Resmi nikâhı olmayan Suriyeli eşinin ortadan kaybolmasıyla iki çocuğu ile orta kalan Mehmet Uzun, annenin bilgileri olmadığı için 6 ve 8 yaşındaki iki çocuğunu okula kaydettiremedi.
Çocuklar hastalandıklarında sağlık hizmetlerinden de yararlanamıyor. Milliyet’in ulaştığı bilgilere göre Mersin, Tarsus’ta yaşayan Uzun, TBMM Dilekçe Komisyonu’na başvurarak Suriyeli bir kadınla yaptığı dini nikâh sonrasında yaşadığı “aile dramını” anlattı. TBMM Dilekçe Komisyonu Başkanı Belma Satır, başvuruyu işleme alarak konuyu İçişleri Bakanlığı’na iletti. İçişleri Bakanlığı’ndan TBMM’ye gelen yazıda ise Uzun’un izlemesi gereken yol tek tek anlatıldı.

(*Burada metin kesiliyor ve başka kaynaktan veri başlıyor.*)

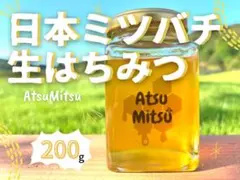 ＼厚保栗の里で育った‼︎／日本ミツバチ生はちみつ200g【2025年6月採蜜】のサムネイル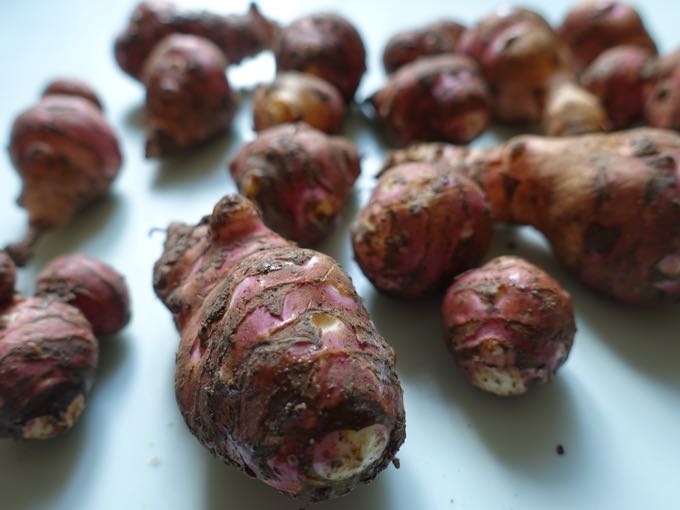 Jerusalem Artichokes Elizabeth Minchilli 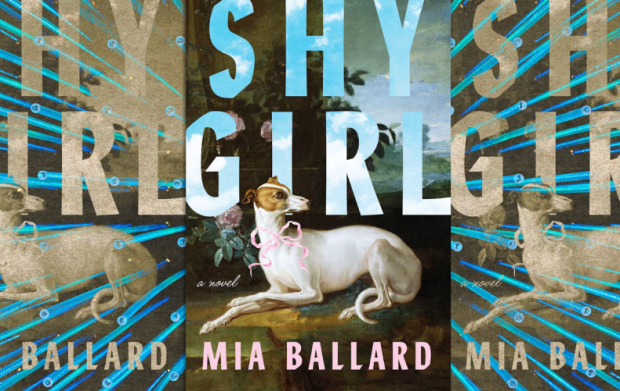 누가 이 소설을 썼는가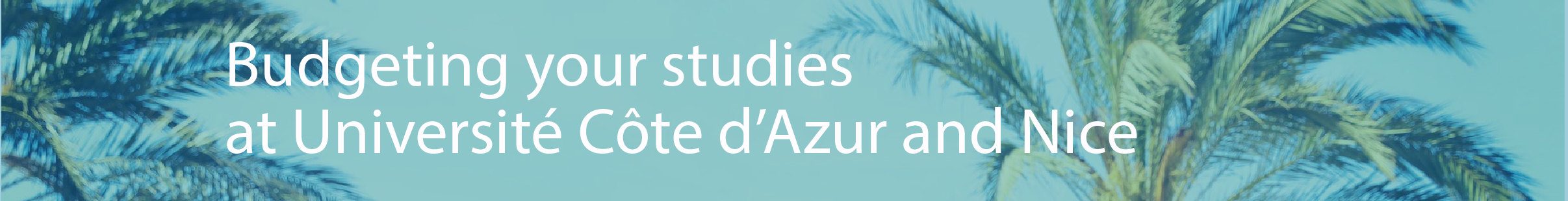 Budgeting your studies at Université Cote d'Azur and Nice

İçişleri Bakanlığı, Türk vatandaşı erkeklerin mülteci, şartlı mülteci, ikincil koruma statüsünde bulunan veya geçici koruma altına alınan kadınlardan evlilik dışı dünyaya gelen çocukların, tanıma yoluyla Türk vatandaşı baba hanesine tescil edilebilmesi için İl Göç İdaresi Müdürlüğü’nün kadının kimlik bilgileri ile medeni halini belirtir belgenin ibraz edilmesi gerektiğini kaydetti. Bakanlık, İl Göç İdaresi’nde bilgi ve belge yoksa kadının kendi ülkesinden temin edilebileceğini belirterek şunları kaydetti:
“Evlenmenin yapılamaması ve baba ile çocuk arasında evlenme ile soy bağı kurulamaması halinde, çocukların başka bir erkek ile soy bağı bulunmadığına ilişkin yabancı uyruklu annenin medeni halinin bekâr olduğuna ilişkin belgeyi kendi ülkesi makamlarından temin edilip çocukların doğum belgeleri ile birlikte ibraz edilmesi gerekir.”

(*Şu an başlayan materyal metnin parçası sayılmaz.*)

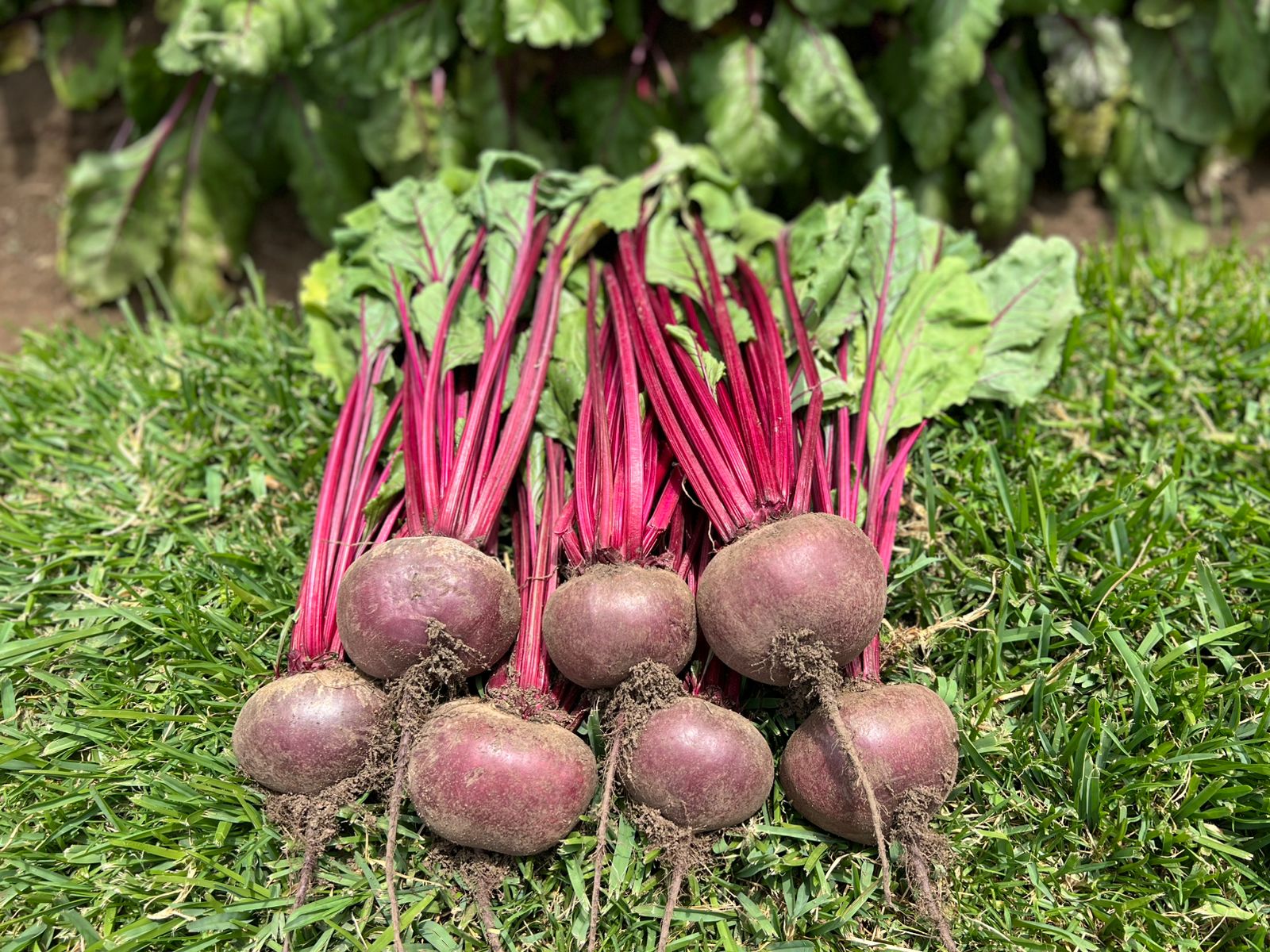 Beets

‘Babalık davası aç kayyum atansın’
İçişleri Bakanlığı, önerilen yöntemlerden sonuç alınamaması halinde babaya mahkemeye giderek dava açması önerisinde bulundu. Yazıda çocuklara kayyum atanacağı belirtilerek “Çocukların tanıma yoluyla nüfus kayıtlarına tescil edilmesinin mümkün olamaması halinde ise çocuklara atanacak kayyum tarafından açılacak babalık davası sonucunda babalığa hüküm kararı verilmesi halinde, mahkeme kararına dayanılarak çocuklar ile baba arasında soy bağı kurulması ve çocukların baba hanesine tescil edilmesi mümkün olabilecektir” dendi.